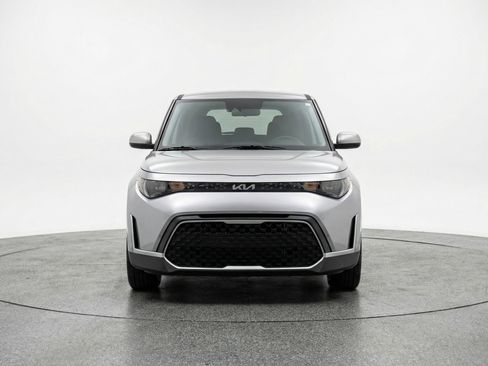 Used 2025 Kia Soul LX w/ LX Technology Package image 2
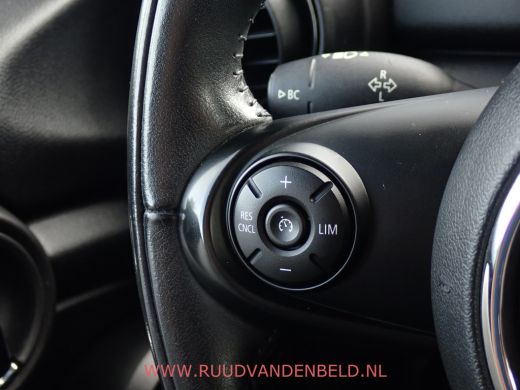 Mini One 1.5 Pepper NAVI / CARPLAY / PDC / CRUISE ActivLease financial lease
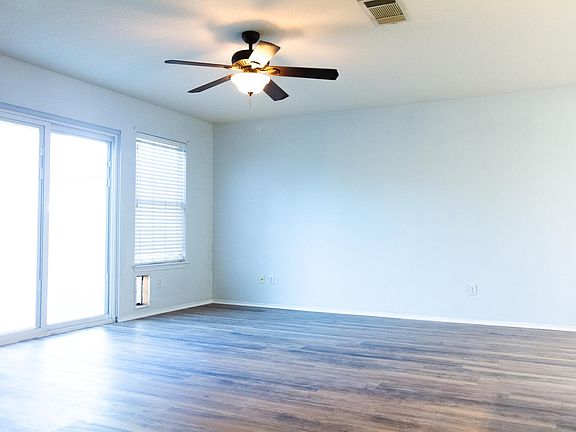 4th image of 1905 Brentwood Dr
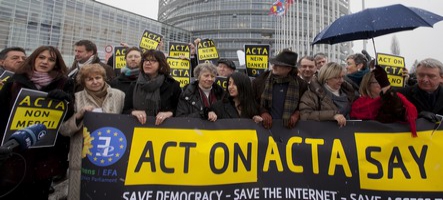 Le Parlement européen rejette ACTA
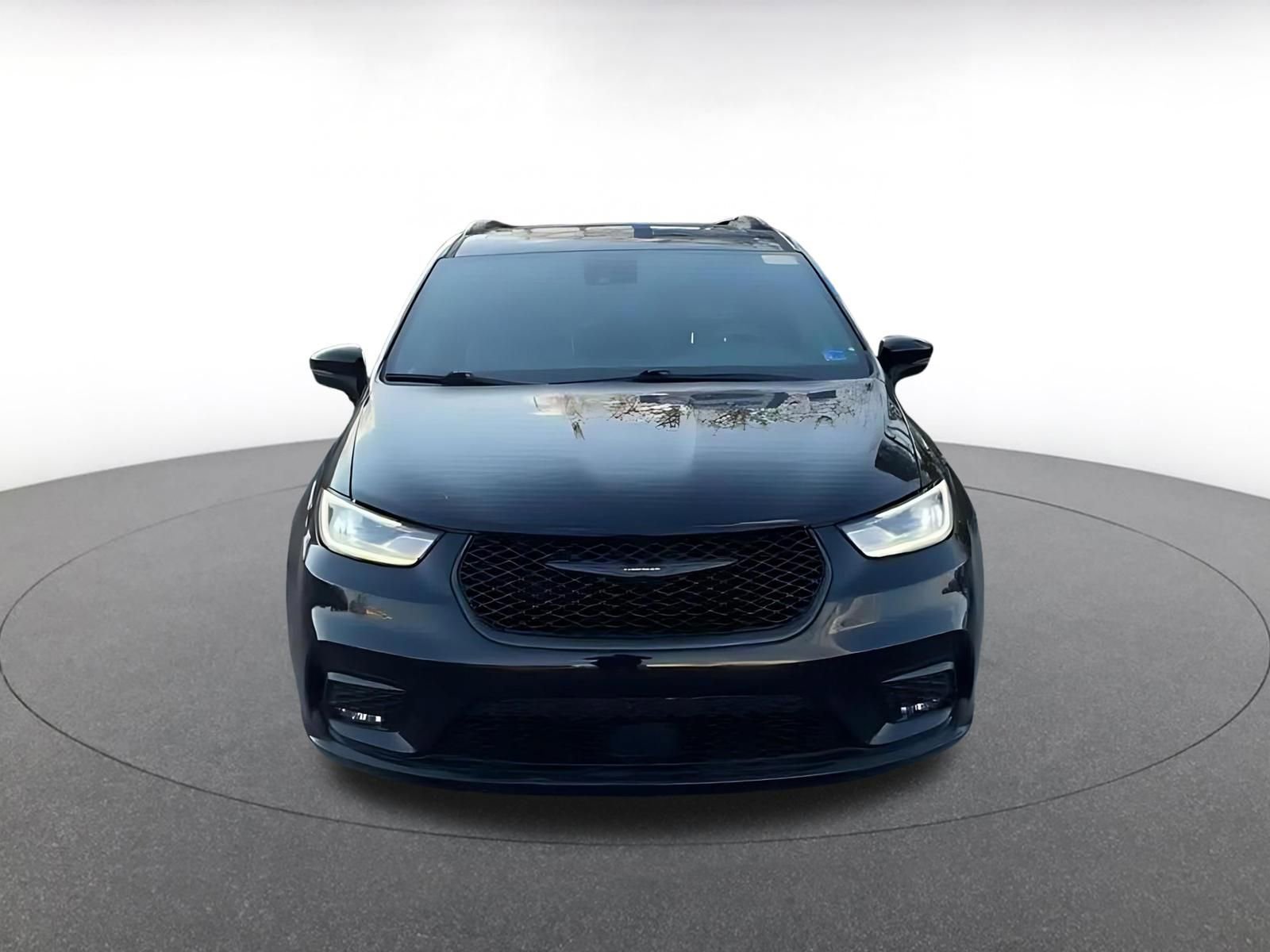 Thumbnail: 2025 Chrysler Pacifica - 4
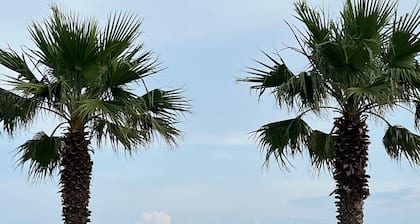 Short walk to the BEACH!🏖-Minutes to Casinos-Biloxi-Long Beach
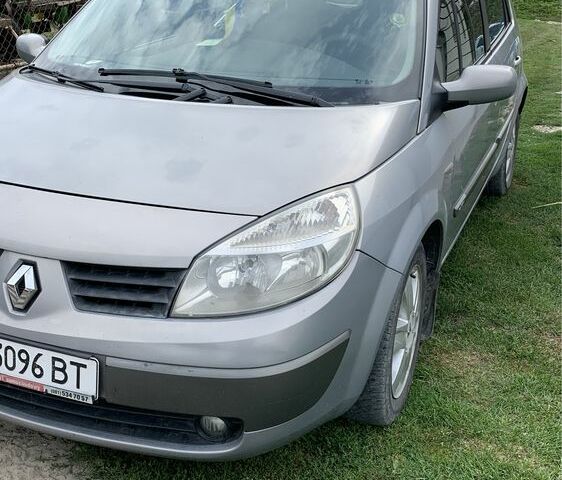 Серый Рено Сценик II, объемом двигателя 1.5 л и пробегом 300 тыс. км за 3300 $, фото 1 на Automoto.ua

--

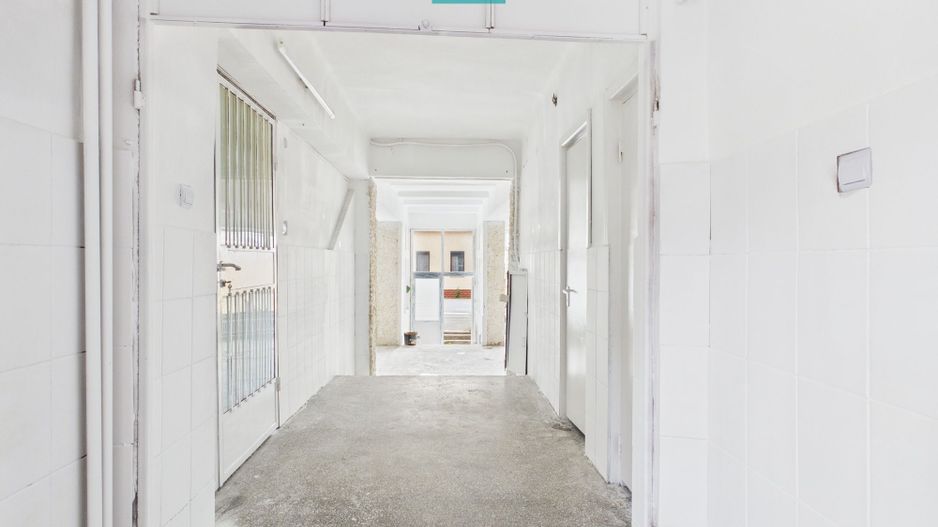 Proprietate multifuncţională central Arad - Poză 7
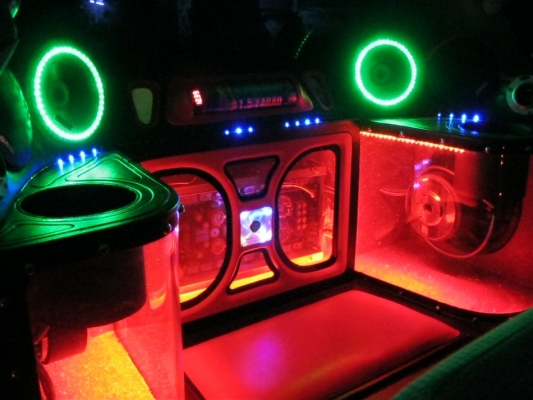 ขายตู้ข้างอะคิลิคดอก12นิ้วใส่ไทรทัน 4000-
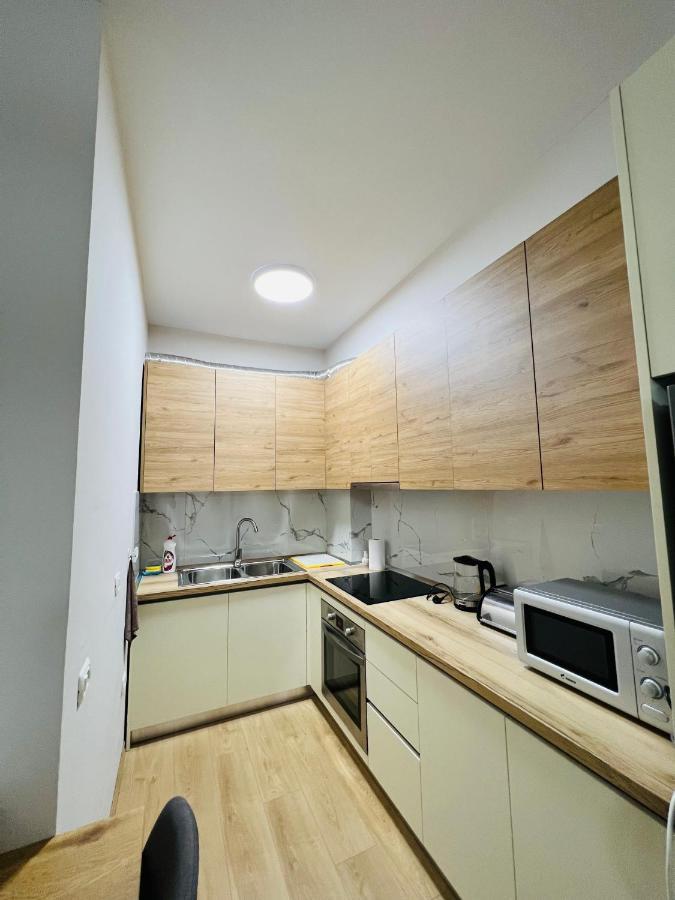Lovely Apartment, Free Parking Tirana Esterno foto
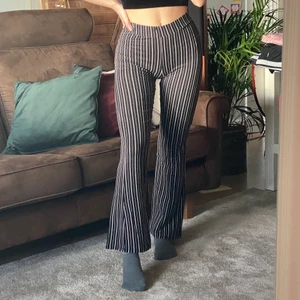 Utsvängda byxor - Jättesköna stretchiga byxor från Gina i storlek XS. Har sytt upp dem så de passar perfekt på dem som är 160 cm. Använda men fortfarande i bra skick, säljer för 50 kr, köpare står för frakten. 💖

> DIRECTIONS
In the listing above, find the line with "Used 2025 Kia" and the line with "Thumbnail: 2025 Chrysler Pacifica - 4". Transcribe those two and everything between, exactly, leaving out pictures.

> EXERCISE RESPONSE
 Used 2025 Kia Soul LX w/ LX Technology Package image 2
 Mini One 1.5 Pepper NAVI / CARPLAY / PDC / CRUISE ActivLease financial lease
 4th image of 1905 Brentwood Dr
 Le Parlement européen rejette ACTA
 Thumbnail: 2025 Chrysler Pacifica - 4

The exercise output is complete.